■ **Work required**:
Skip every picture while you write out the records below, from the first line through the one that contains "Talerico’s Bar &", both ends kept.

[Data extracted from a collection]
'''

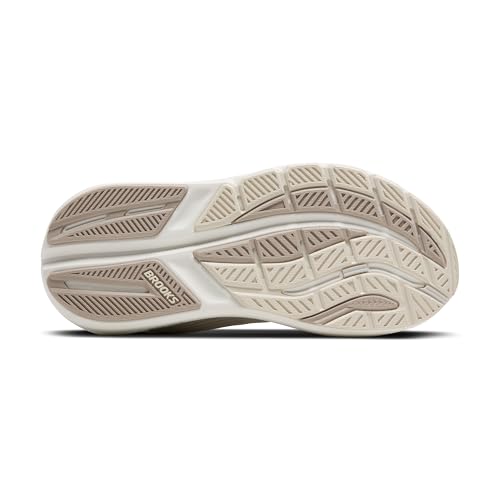Brooks Women Ghost Max 3 Coconut/Chateau Grey/Blue 7 Wide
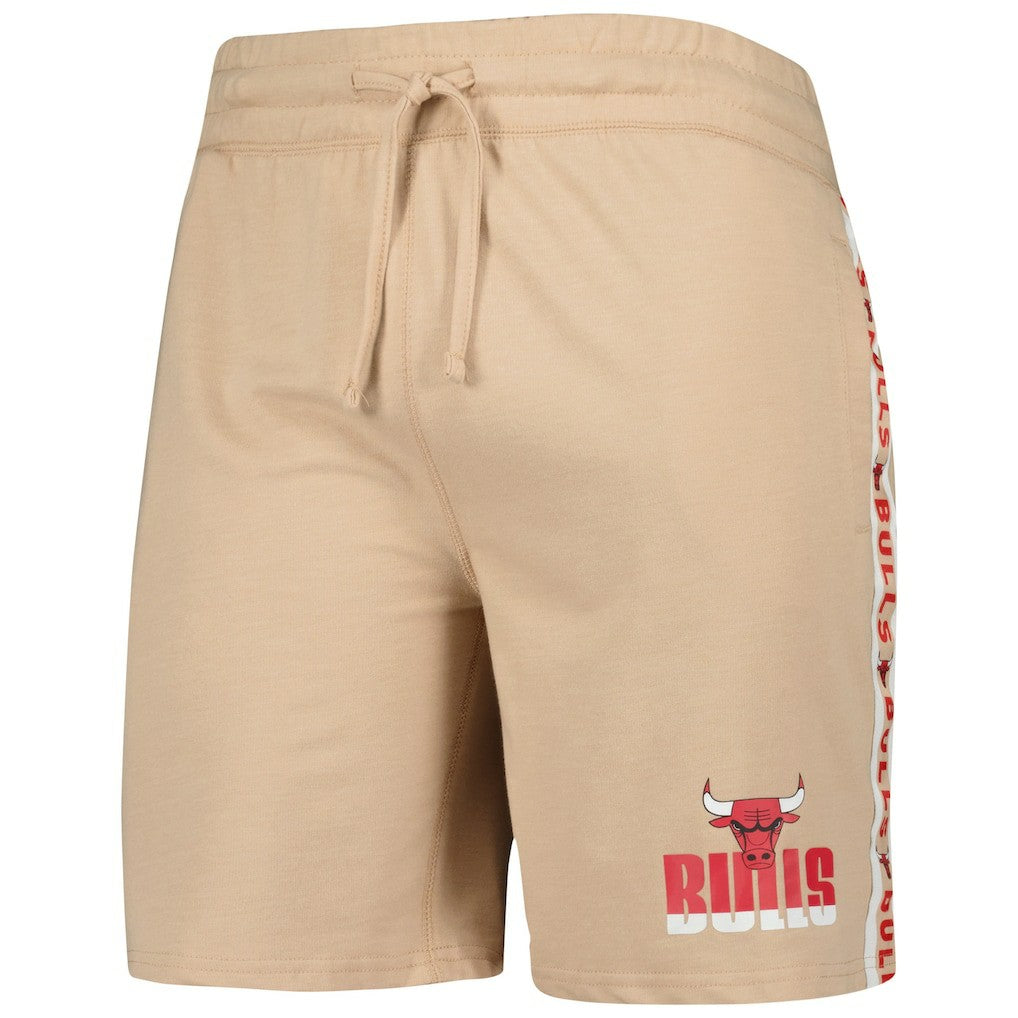 Chicago Bulls Concepts Sport Team Stripe Shorts - Tan on sale
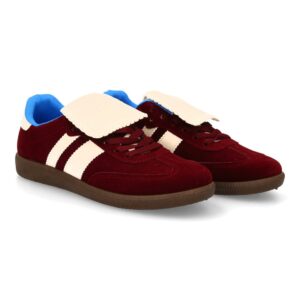 Zapatilla Retro Burdeos con Lengüeta Acolchada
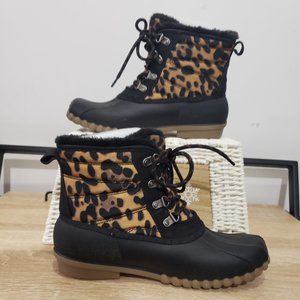 BareTraps Flynn Women's Boots Size 7 Black / Leopard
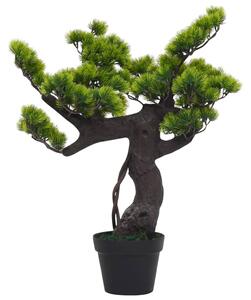 Sztuczne bonsai z sosny, z doniczką, 70 cm, zielone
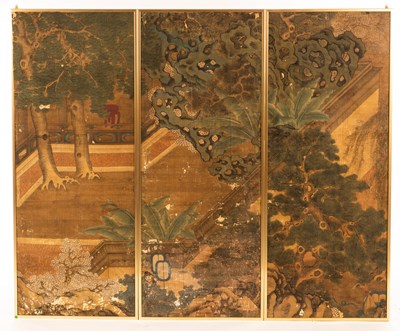 Lot 405 - Chinese School, early 19th Century/Figures on...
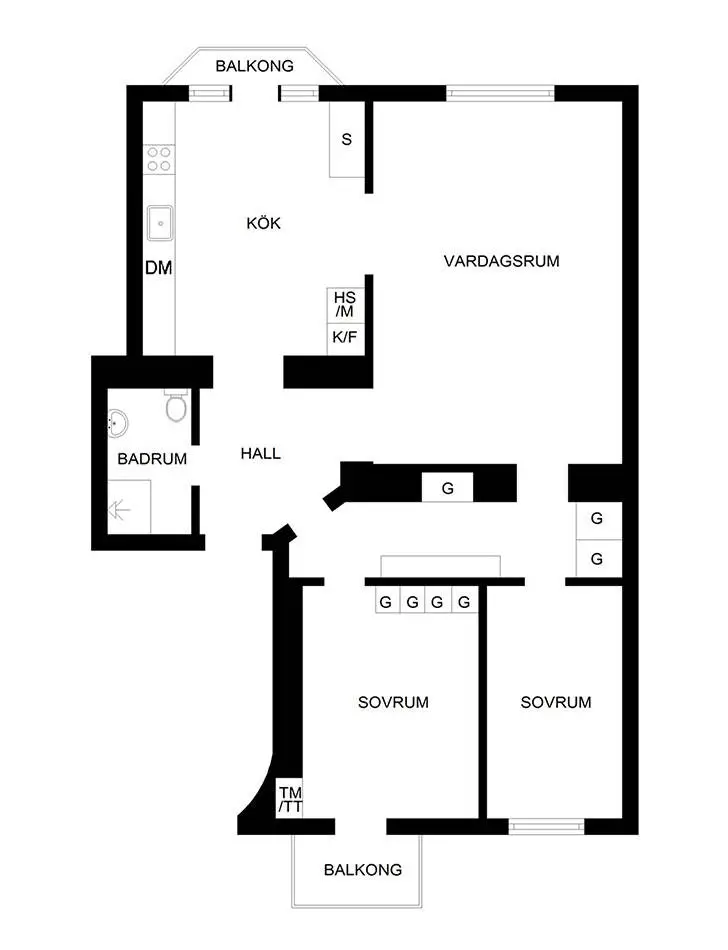 Grande appartement de trois pièces dans le style scandinave (93 m²) - Gallery image 27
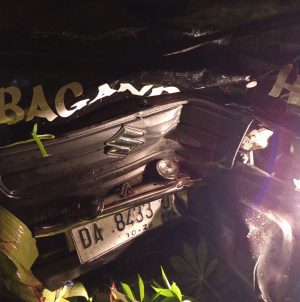 Satu Pengendara Tewas di Desa Pindahan Baru, 'Adu Banteng' dengan Pikap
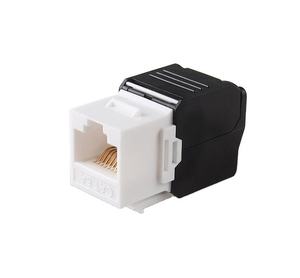 Poluar <span class=keywords><strong>Cat6</strong></span> RJ45 Bảng điều khiển gắn kết UTP Coupler mô-đun màu đen trắng PC vật liệu bụi bằng chứng truyền dữ liệu <span class=keywords><strong>Keystone</strong></span> <span class=keywords><strong>jack</strong></span> - Product Image 1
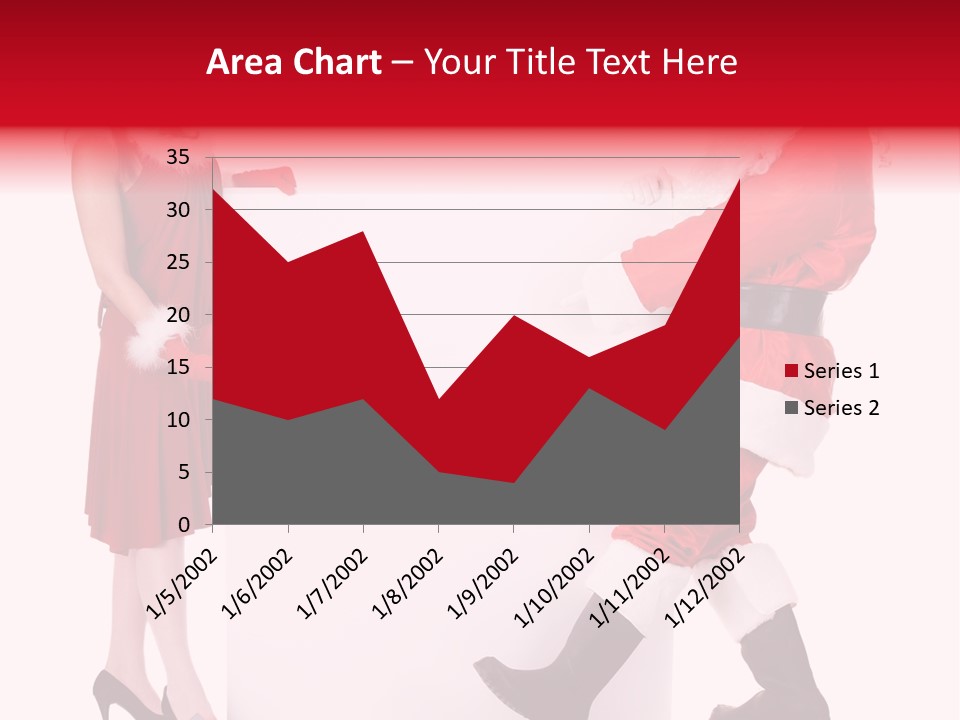 Message Face Holiday PowerPoint Template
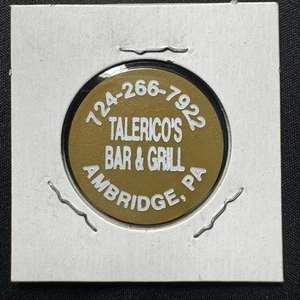Talerico’s Bar & Grill Ambridge, Pensilvania. Bueno para una ficha de plástico de estante superior. P419 - Imagen 1 de 4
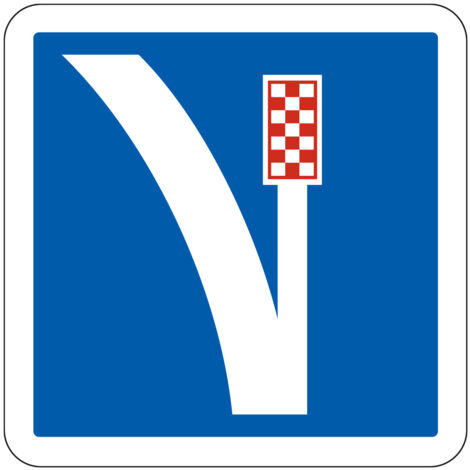 Panneau Indication C26a – Voie de détresse à droite – Carré Classe 1 500 mm – Gamme BRETAGNE (1/5)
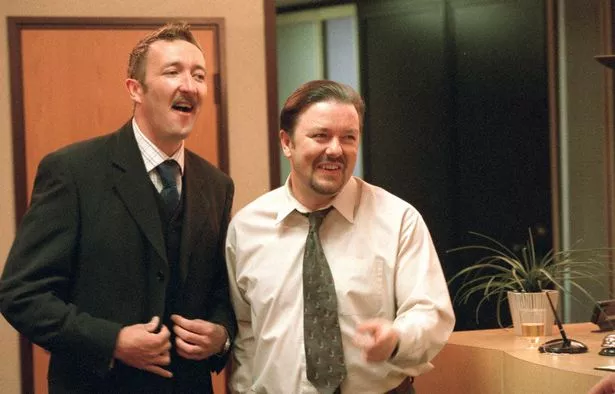 Ralph Ineson and Ricky Gervais in the Office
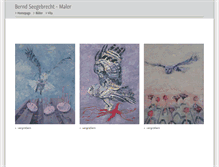 Tablet Screenshot of berndseegebrecht.de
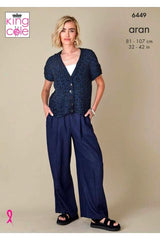 King Cole Firefly Aran Pattern 6449 - Tunic & Cardigan
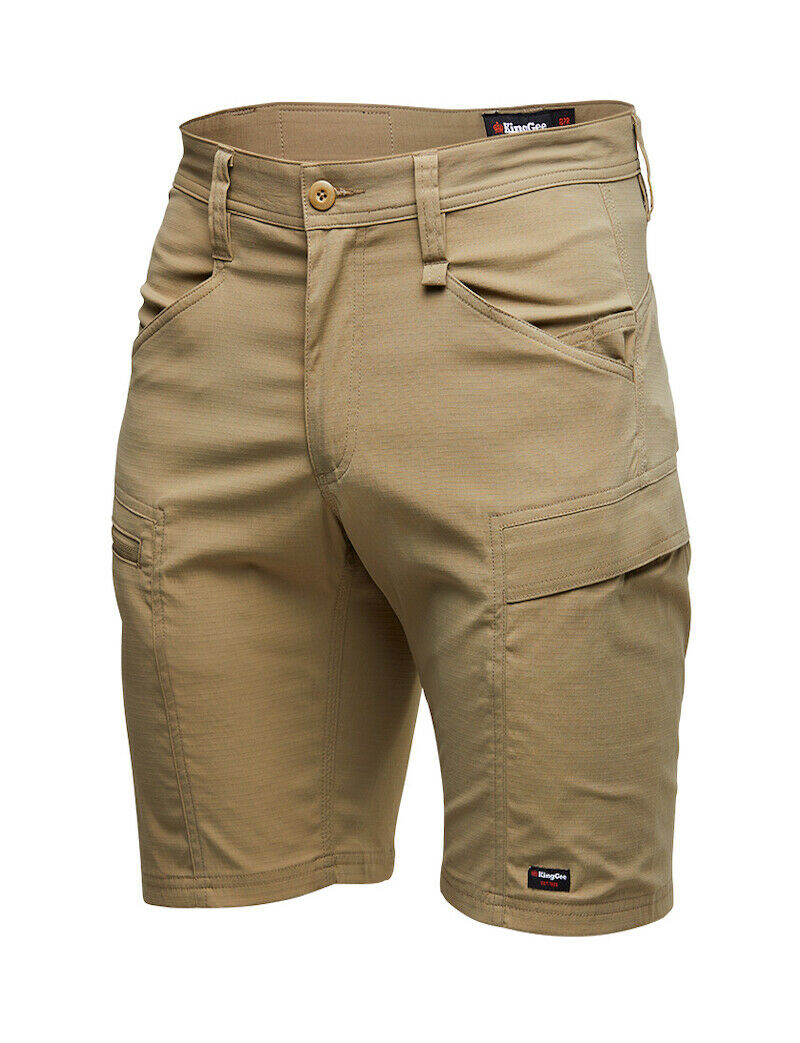 KingGee Mens KingGee Drycool Shorts Stretch Ripstop Cargo Light Work K17013-Collins Clothing Co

'''

■ **Exercise solution**:
Brooks Women Ghost Max 3 Coconut/Chateau Grey/Blue 7 Wide
 Chicago Bulls Concepts Sport Team Stripe Shorts - Tan on sale
 Zapatilla Retro Burdeos con Lengüeta Acolchada
 BareTraps Flynn Women's Boots Size 7 Black / Leopard
 Sztuczne bonsai z sosny, z doniczką, 70 cm, zielone
 Lot 405 - Chinese School, early 19th Century/Figures on...
 Grande appartement de trois pièces dans le style scandinave (93 m²) - Gallery image 27
 Satu Pengendara Tewas di Desa Pindahan Baru, 'Adu Banteng' dengan Pikap
 Poluar <span class=keywords><strong>Cat6</strong></span> RJ45 Bảng điều khiển gắn kết UTP Coupler mô-đun màu đen trắng PC vật liệu bụi bằng chứng truyền dữ liệu <span class=keywords><strong>Keystone</strong></span> <span class=keywords><strong>jack</strong></span> - Product Image 1
 Message Face Holiday PowerPoint Template
Talerico’s Bar & Grill Ambridge, Pensilvania. Bueno para una ficha de plástico de estante superior. P419 - Imagen 1 de 4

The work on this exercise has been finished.